*RECORDS PROVIDED*:
________________________

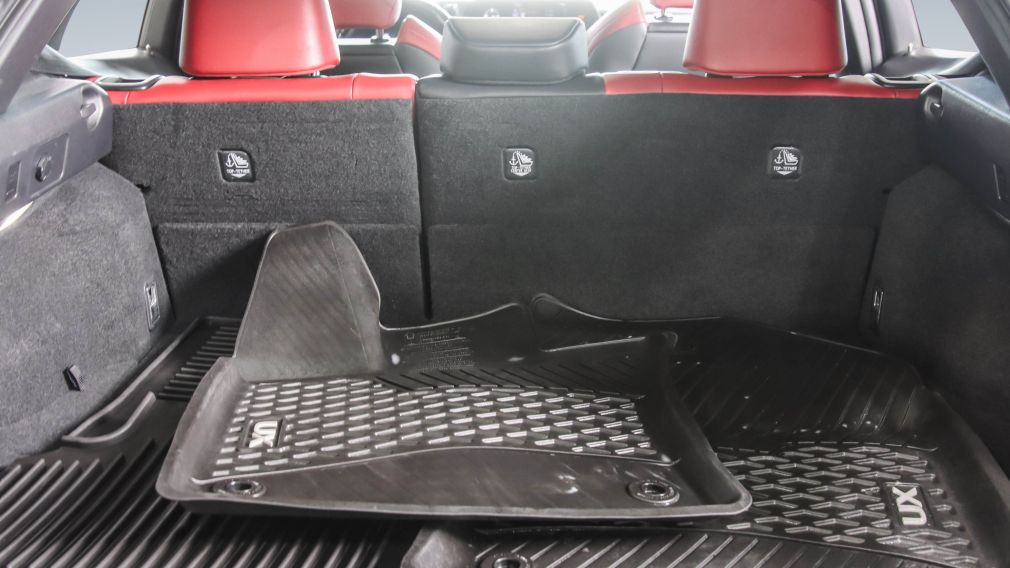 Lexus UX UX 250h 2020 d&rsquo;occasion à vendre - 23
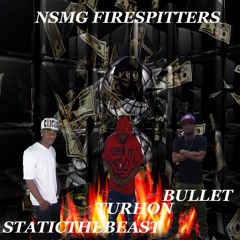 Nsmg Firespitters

________________________

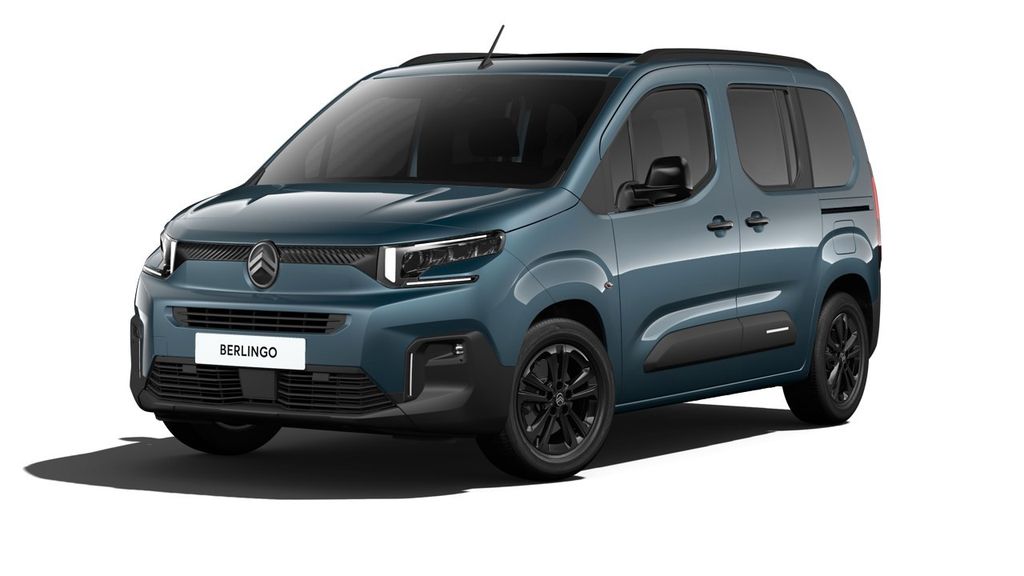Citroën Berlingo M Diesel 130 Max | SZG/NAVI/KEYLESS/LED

________________________

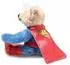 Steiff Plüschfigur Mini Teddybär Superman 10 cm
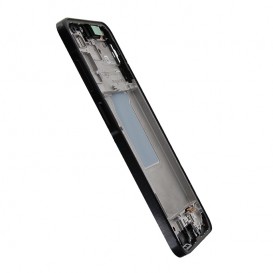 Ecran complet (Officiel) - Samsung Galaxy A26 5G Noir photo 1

________________________

*INSTRUCTIONS TO FOLLOW*:
Write out exactly the lines above between the one with "Lexus UX UX" and the one with "Nsmg Firespitters", inclusive, with pictures left out.

*ANSWER TO THIS TASK*:
 Lexus UX UX 250h 2020 d&rsquo;occasion à vendre - 23
 Nsmg Firespitters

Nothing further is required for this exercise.